**Work request**
The goal is a clean copy of all the data below, with pictures dropped and everything else retyped exactly.
===== Data block =====
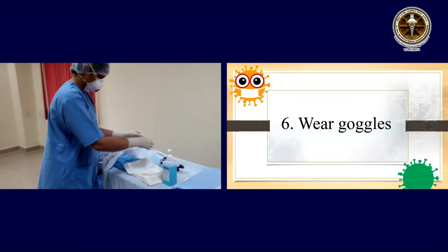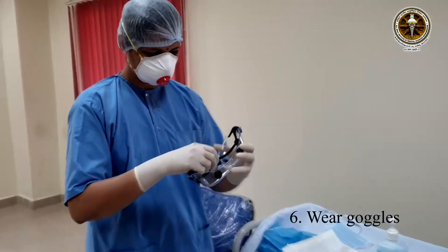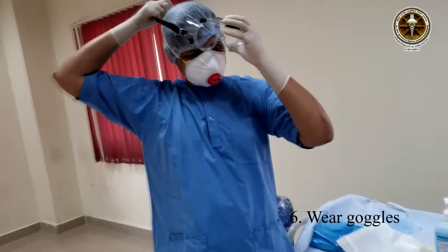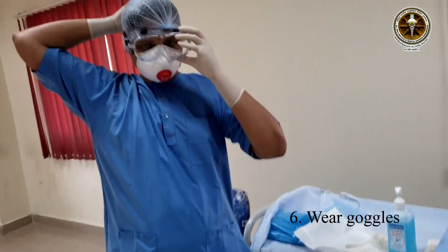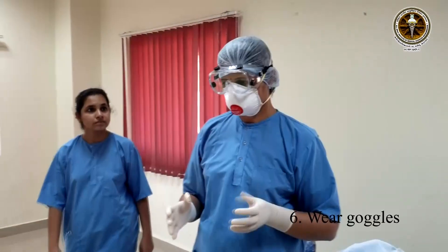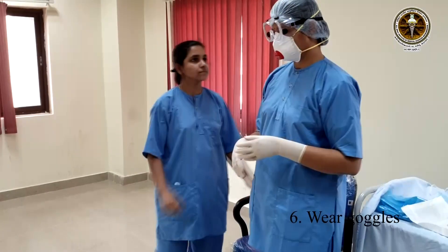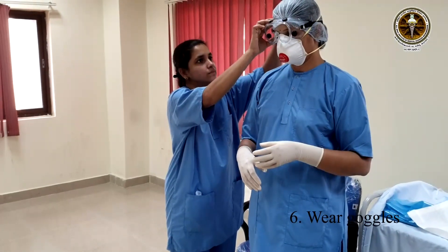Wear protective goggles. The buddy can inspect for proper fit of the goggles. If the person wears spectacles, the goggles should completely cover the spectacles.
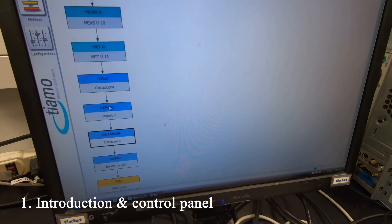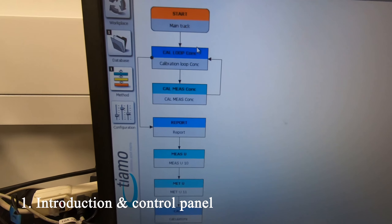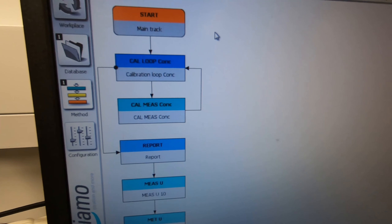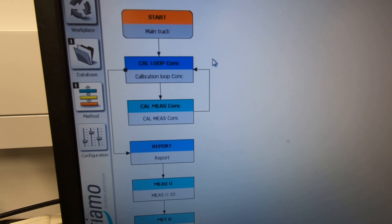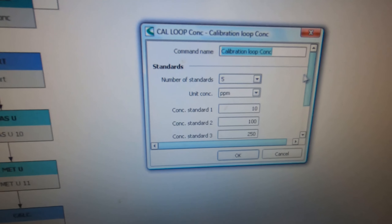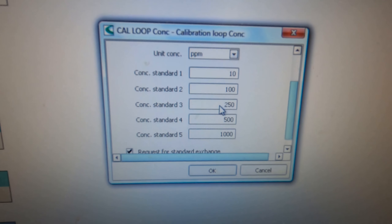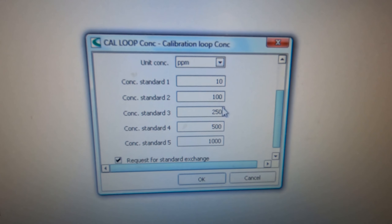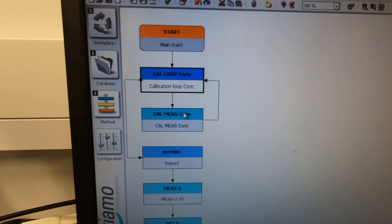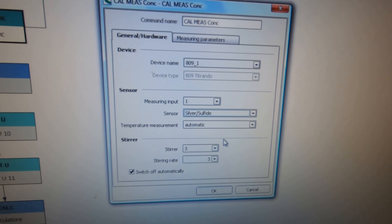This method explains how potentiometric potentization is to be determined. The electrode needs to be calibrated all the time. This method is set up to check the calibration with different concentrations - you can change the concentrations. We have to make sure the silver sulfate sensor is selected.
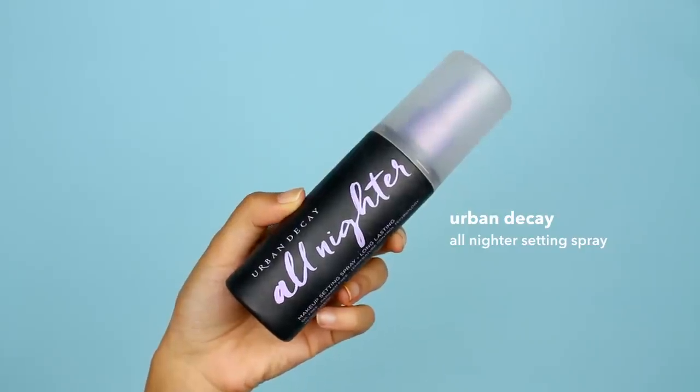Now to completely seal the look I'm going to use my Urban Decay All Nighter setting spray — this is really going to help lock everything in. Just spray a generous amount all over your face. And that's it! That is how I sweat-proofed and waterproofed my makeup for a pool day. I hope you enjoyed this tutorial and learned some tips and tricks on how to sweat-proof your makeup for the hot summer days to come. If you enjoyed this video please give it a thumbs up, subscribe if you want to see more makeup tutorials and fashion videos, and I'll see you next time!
=====
**Exercise result**
Wear protective goggles. The buddy can inspect for proper fit of the goggles. If the person wears spectacles, the goggles should completely cover the spectacles.
This method explains how potentiometric potentization is to be determined. The electrode needs to be calibrated all the time. This method is set up to check the calibration with different concentrations - you can change the concentrations. We have to make sure the silver sulfate sensor is selected.
Now to completely seal the look I'm going to use my Urban Decay All Nighter setting spray — this is really going to help lock everything in. Just spray a generous amount all over your face. And that's it! That is how I sweat-proofed and waterproofed my makeup for a pool day. I hope you enjoyed this tutorial and learned some tips and tricks on how to sweat-proof your makeup for the hot summer days to come. If you enjoyed this video please give it a thumbs up, subscribe if you want to see more makeup tutorials and fashion videos, and I'll see you next time!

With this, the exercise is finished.